Attention to such details, the pomp that’s marked Xi’s visit to the U.K., and old-fashioned political pragmatism have helped revive a relationship in a way that seemed unlikely just seven months ago.
Since the U.K. in March became the first major western country to join the China-led Asian Infrastructure Investment Bank, London has been steadily campaigning to become what Chancellor of the Exchequer George Osborne calls “China’s best partner in the West.” In contrast to the aftermath of Prime Minister David Cameron’s meeting with the Dalai Lama in 2012, when China’s press portrayed Britain as a destination only good for tourism and education, it’s now touting a “golden era” of ties.
To some in the U.K., the welcome given to Xi has left a bad taste at a time when thousands of British steelworkers are losing their jobs in the face of a market flooded by cheap Chinese imports.
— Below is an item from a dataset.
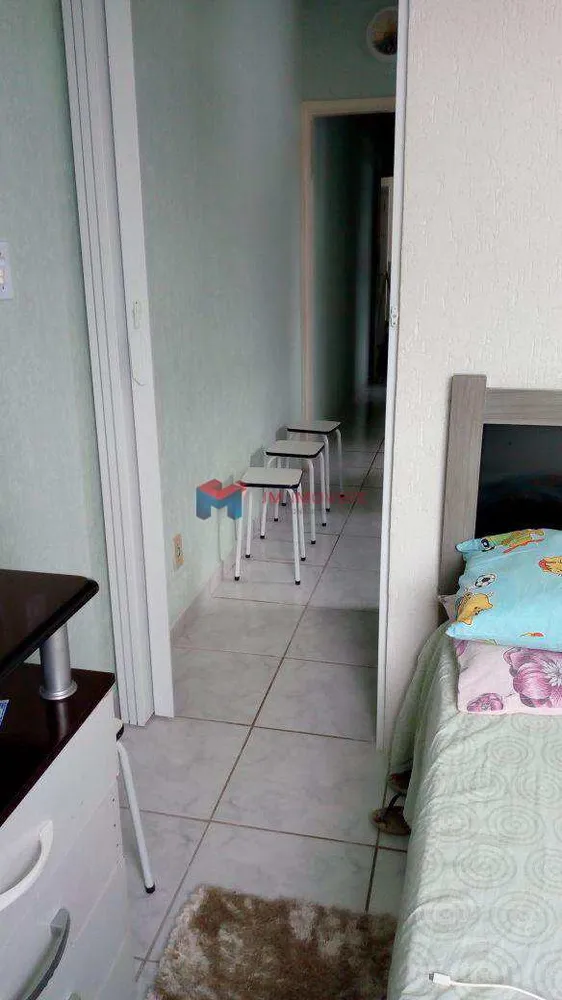 Apartamento, 1 quarto, 50 m² - Foto 9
There are also fears about handing control of key industries to a superpower with global ambitions and a questionable human rights record. Lawmakers raised questions in parliament about the wisdom of adopting such closeness to China, and a BBC reporter allowed the only British question at a press conference quizzed both leaders on the apparent contradiction between doing business and promoting human rights.
Unlike U.S. President Barack Obama, who raised the thorny issues of cyber-espionage and territorial disputes with his Chinese counterpart during a state visit to the U.S. last month, Cameron hasn’t let political differences overshadow Xi’s time in the country.
“The more we trade together the more we have a stake in each other’s success and the more we understand each other and the more we can work together,” Cameron said this week.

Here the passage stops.